§ PROBLEM TO SOLVE
Since the pictures are not wanted, retype the listing below exactly and without them.
── ENTRIES PROVIDED
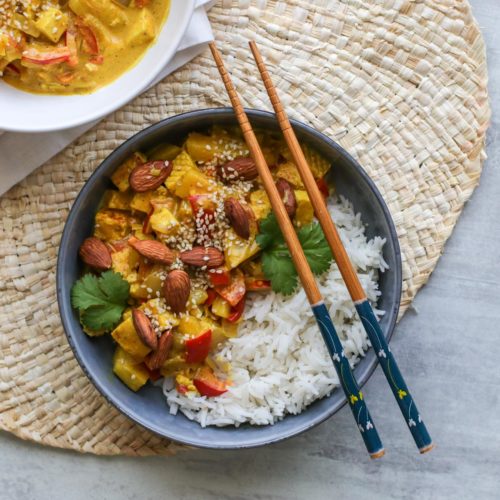 curry tofu ananas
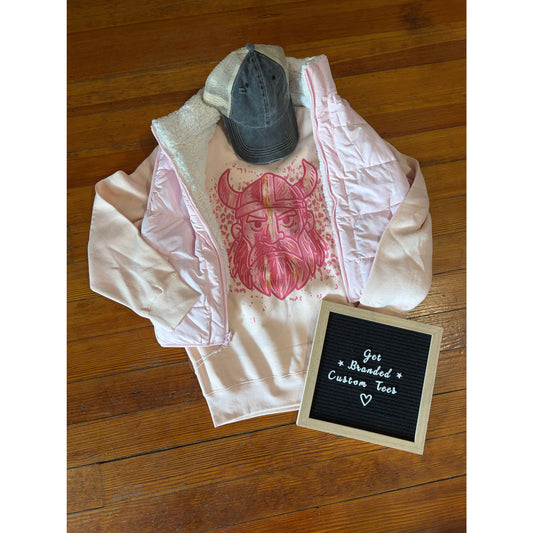 Pink Out Vikings Mascot Sweatshirt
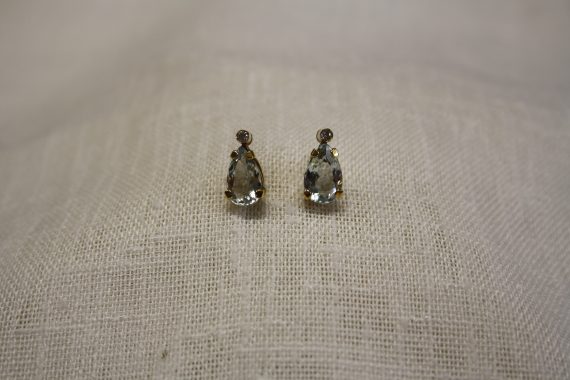 Aquamarine drop earrings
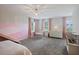 Charming bedroom with unique bunk bed and slide alongside hanging swing chair at 2713 Jazzy St, New Hill, NC 27562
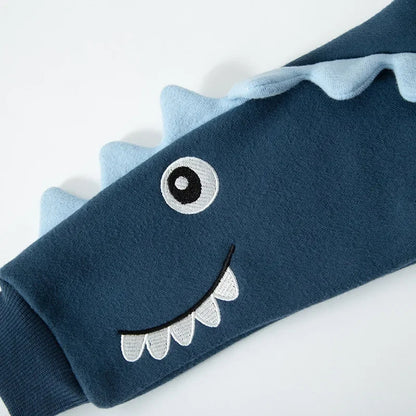 Kuscheliges Sweatshirt mit Dinosaurier-Design für Jungen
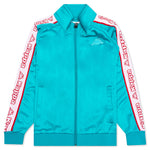 Kid's Logo Tape Artem 2 Track Jacket - Blue Peacock/Bright White/Red Toreador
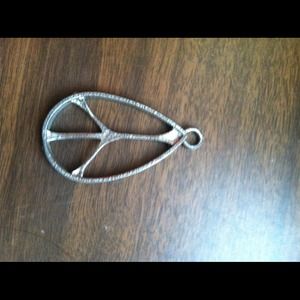 Metal peace sign pendent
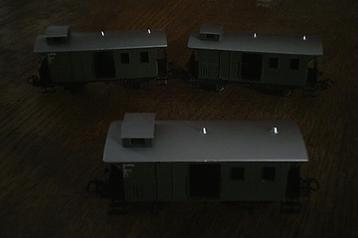 Marklin HO 3 groene bagagewagons beschikbaar voor biedingen
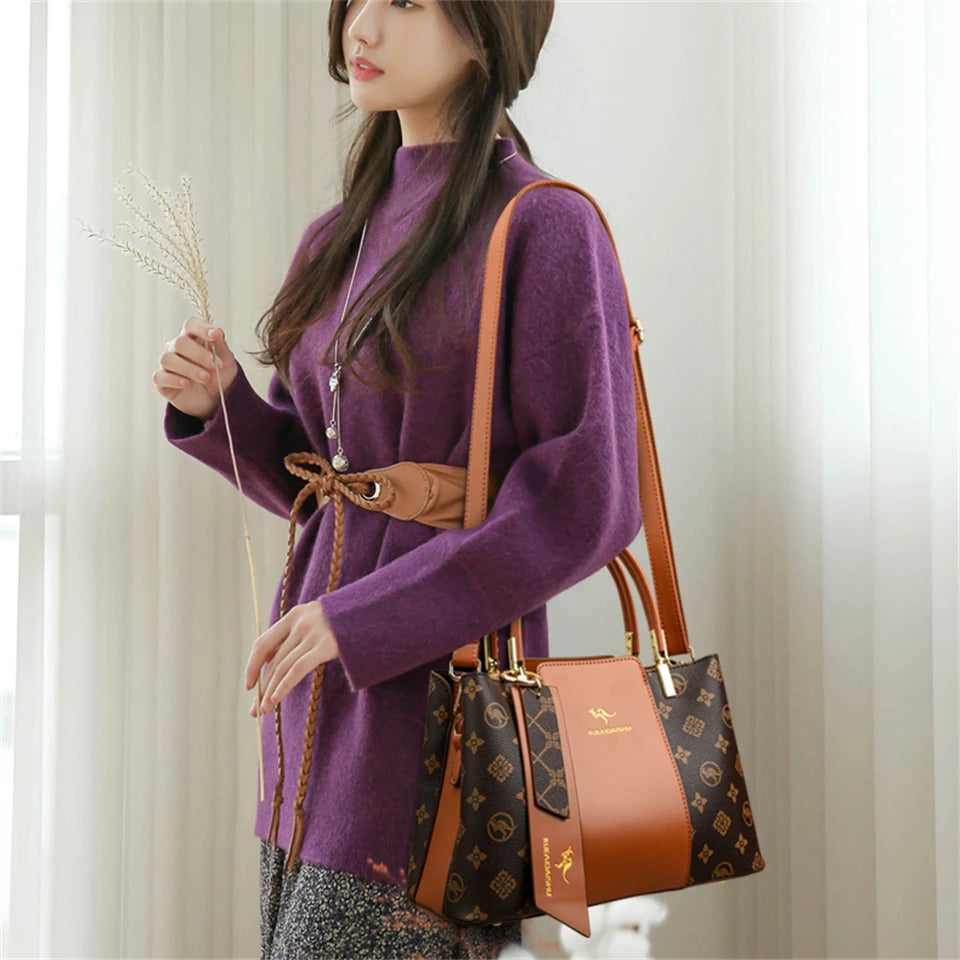 Luxury Print Leather Crossbody & Shoulder Bag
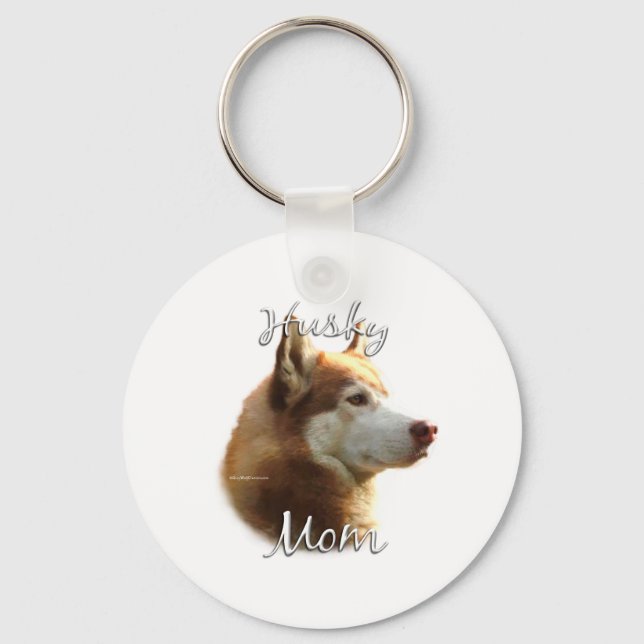 Porte-clés Sibérie Husky (rouge) Maman 2 (Recto)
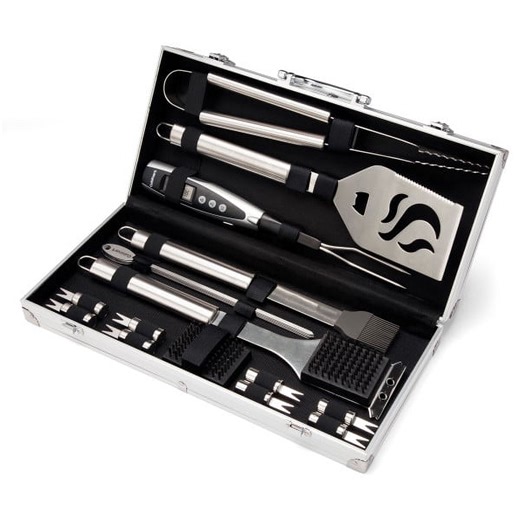 Cuisinart Deluxe Grill Tool Set, 20-Piece Grill Set, BBQ Accessories with Aluminum Case, Stainless Steel Grilling Accessories, BBQ tools, Grilling Gifts for Men, Father’s Day Gifts for Dad Husband - Walmart.com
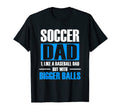 New First Time Dad To Be Balls Soccer T-Shirt - Aesthetic Graphic Unisex - T-Shirt, Sweatshirt, Hoodie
────
§ OUTPUT FOR THIS TASK
 curry tofu ananas
 Pink Out Vikings Mascot Sweatshirt
 Aquamarine drop earrings
 Charming bedroom with unique bunk bed and slide alongside hanging swing chair at 2713 Jazzy St, New Hill, NC 27562
 Kuscheliges Sweatshirt mit Dinosaurier-Design für Jungen
 Kid's Logo Tape Artem 2 Track Jacket - Blue Peacock/Bright White/Red Toreador
 Metal peace sign pendent
 Marklin HO 3 groene bagagewagons beschikbaar voor biedingen
 Luxury Print Leather Crossbody & Shoulder Bag
 Porte-clés Sibérie Husky (rouge) Maman 2 (Recto)
 Cuisinart Deluxe Grill Tool Set, 20-Piece Grill Set, BBQ Accessories with Aluminum Case, Stainless Steel Grilling Accessories, BBQ tools, Grilling Gifts for Men, Father’s Day Gifts for Dad Husband - Walmart.com
 New First Time Dad To Be Balls Soccer T-Shirt - Aesthetic Graphic Unisex - T-Shirt, Sweatshirt, Hoodie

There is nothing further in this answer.